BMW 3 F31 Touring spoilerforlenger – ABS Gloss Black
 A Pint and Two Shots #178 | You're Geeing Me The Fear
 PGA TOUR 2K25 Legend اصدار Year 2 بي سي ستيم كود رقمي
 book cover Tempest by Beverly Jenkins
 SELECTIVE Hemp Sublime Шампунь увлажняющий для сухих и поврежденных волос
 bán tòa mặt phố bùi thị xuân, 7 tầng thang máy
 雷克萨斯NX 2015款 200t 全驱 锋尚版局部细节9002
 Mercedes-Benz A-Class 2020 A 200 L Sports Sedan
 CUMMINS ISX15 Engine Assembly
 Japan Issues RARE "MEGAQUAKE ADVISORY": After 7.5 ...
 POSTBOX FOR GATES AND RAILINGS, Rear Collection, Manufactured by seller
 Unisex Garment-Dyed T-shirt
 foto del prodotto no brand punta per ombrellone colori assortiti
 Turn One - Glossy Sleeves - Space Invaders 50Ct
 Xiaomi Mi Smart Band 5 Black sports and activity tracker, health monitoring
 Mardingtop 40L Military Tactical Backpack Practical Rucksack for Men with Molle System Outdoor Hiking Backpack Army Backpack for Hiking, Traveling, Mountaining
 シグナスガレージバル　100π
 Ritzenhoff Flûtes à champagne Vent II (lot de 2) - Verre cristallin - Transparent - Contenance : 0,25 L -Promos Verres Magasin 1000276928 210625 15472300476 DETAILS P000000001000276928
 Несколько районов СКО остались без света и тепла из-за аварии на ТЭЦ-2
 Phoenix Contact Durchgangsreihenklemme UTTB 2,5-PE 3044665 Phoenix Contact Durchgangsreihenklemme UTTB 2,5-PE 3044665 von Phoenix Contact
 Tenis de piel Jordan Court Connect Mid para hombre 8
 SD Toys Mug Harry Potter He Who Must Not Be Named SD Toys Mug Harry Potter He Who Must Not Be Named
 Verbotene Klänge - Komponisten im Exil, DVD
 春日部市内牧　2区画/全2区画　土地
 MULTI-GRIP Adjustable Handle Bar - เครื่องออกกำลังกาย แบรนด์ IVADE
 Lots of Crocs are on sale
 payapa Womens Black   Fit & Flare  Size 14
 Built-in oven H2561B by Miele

TASK DESCRIPTION: Down to the last line, reproduce the entries above precisely.

TASK SOLUTION:
BMW 3 F31 Touring spoilerforlenger – ABS Gloss Black
 A Pint and Two Shots #178 | You're Geeing Me The Fear
 PGA TOUR 2K25 Legend اصدار Year 2 بي سي ستيم كود رقمي
 book cover Tempest by Beverly Jenkins
 SELECTIVE Hemp Sublime Шампунь увлажняющий для сухих и поврежденных волос
 bán tòa mặt phố bùi thị xuân, 7 tầng thang máy
 雷克萨斯NX 2015款 200t 全驱 锋尚版局部细节9002
 Mercedes-Benz A-Class 2020 A 200 L Sports Sedan
 CUMMINS ISX15 Engine Assembly
 Japan Issues RARE "MEGAQUAKE ADVISORY": After 7.5 ...
 POSTBOX FOR GATES AND RAILINGS, Rear Collection, Manufactured by seller
 Unisex Garment-Dyed T-shirt
 foto del prodotto no brand punta per ombrellone colori assortiti
 Turn One - Glossy Sleeves - Space Invaders 50Ct
 Xiaomi Mi Smart Band 5 Black sports and activity tracker, health monitoring
 Mardingtop 40L Military Tactical Backpack Practical Rucksack for Men with Molle System Outdoor Hiking Backpack Army Backpack for Hiking, Traveling, Mountaining
 シグナスガレージバル　100π
 Ritzenhoff Flûtes à champagne Vent II (lot de 2) - Verre cristallin - Transparent - Contenance : 0,25 L -Promos Verres Magasin 1000276928 210625 15472300476 DETAILS P000000001000276928
 Несколько районов СКО остались без света и тепла из-за аварии на ТЭЦ-2
 Phoenix Contact Durchgangsreihenklemme UTTB 2,5-PE 3044665 Phoenix Contact Durchgangsreihenklemme UTTB 2,5-PE 3044665 von Phoenix Contact
 Tenis de piel Jordan Court Connect Mid para hombre 8
 SD Toys Mug Harry Potter He Who Must Not Be Named SD Toys Mug Harry Potter He Who Must Not Be Named
 Verbotene Klänge - Komponisten im Exil, DVD
 春日部市内牧　2区画/全2区画　土地
 MULTI-GRIP Adjustable Handle Bar - เครื่องออกกำลังกาย แบรนด์ IVADE
 Lots of Crocs are on sale
 payapa Womens Black   Fit & Flare  Size 14
 Built-in oven H2561B by Miele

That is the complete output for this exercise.